Exercise objective >>
Both ends included, set down the lines from the line containing "DAYCO 12PK1940HD V" through the last line of the records below, without pictures.

[Short text fragments from websites]
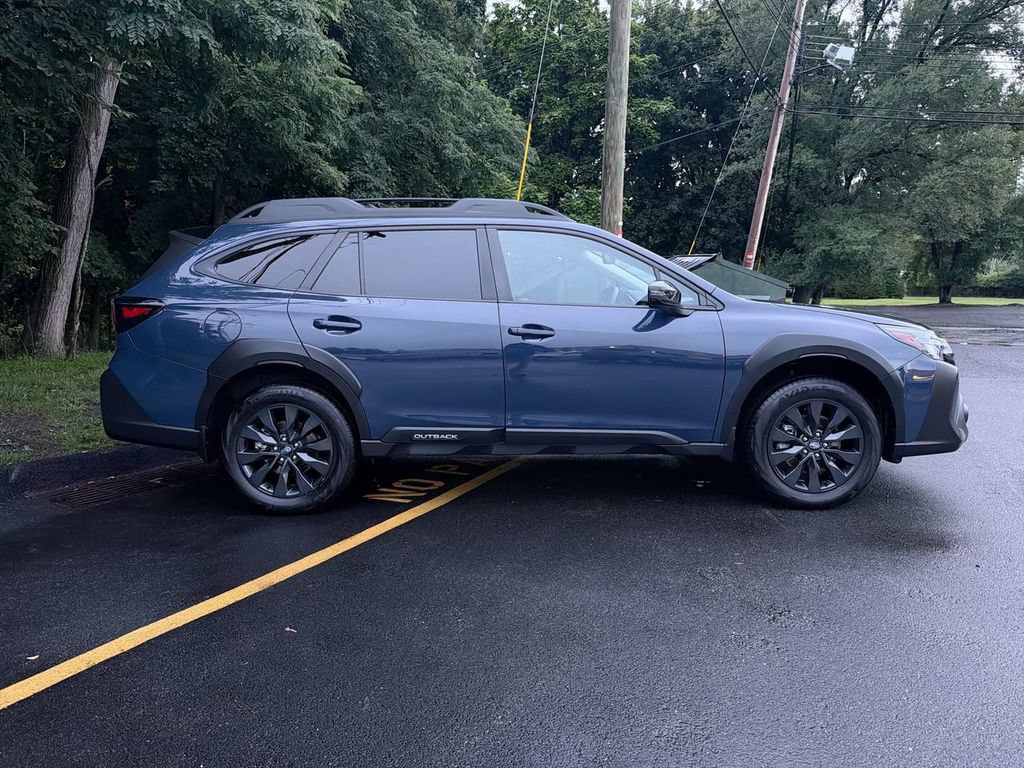 Certified 2024 Subaru Outback Onyx Edition AWD/4WD image 9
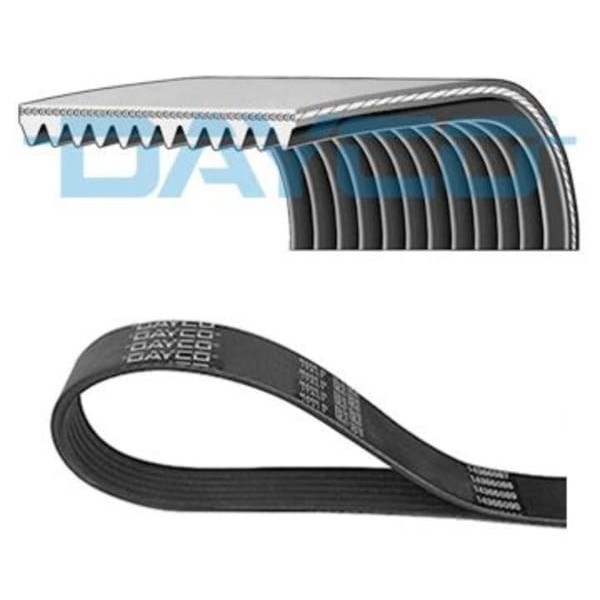 DAYCO 12PK1940HD V Kayışı Iveco Stralıs 440 Yeni Model 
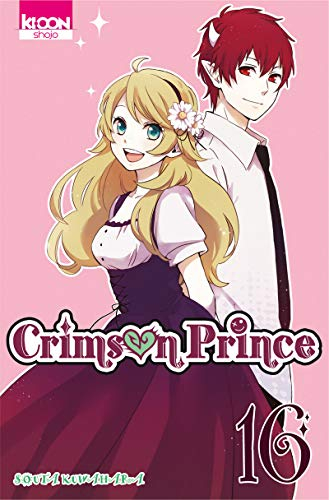 Crimson prince. Vol. 16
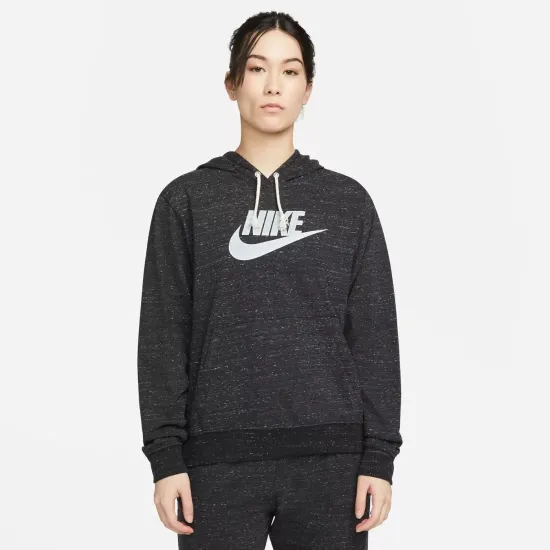 Кофта Nike Sportswear Gym Vintage Pullover DM6388-010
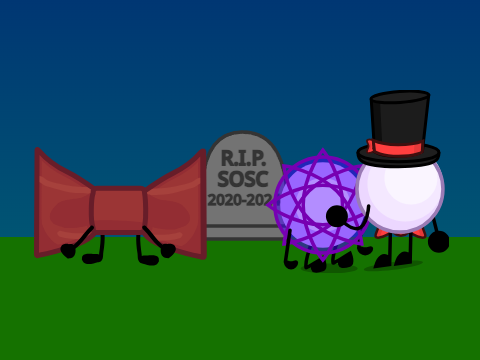 R.I.P. SOSC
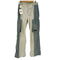 エックスガール X-girl DENIM MIXED PANTS レディース JPN:M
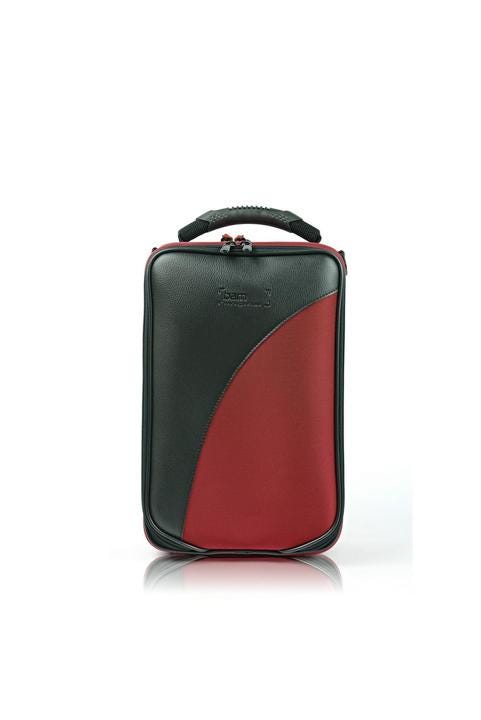 BAM TREKKING Bb Clarinet Case - Red (3027SBH)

Task result >>
 DAYCO 12PK1940HD V Kayışı Iveco Stralıs 440 Yeni Model 
 Crimson prince. Vol. 16
 Кофта Nike Sportswear Gym Vintage Pullover DM6388-010
 R.I.P. SOSC
 エックスガール X-girl DENIM MIXED PANTS レディース JPN:M
 BAM TREKKING Bb Clarinet Case - Red (3027SBH)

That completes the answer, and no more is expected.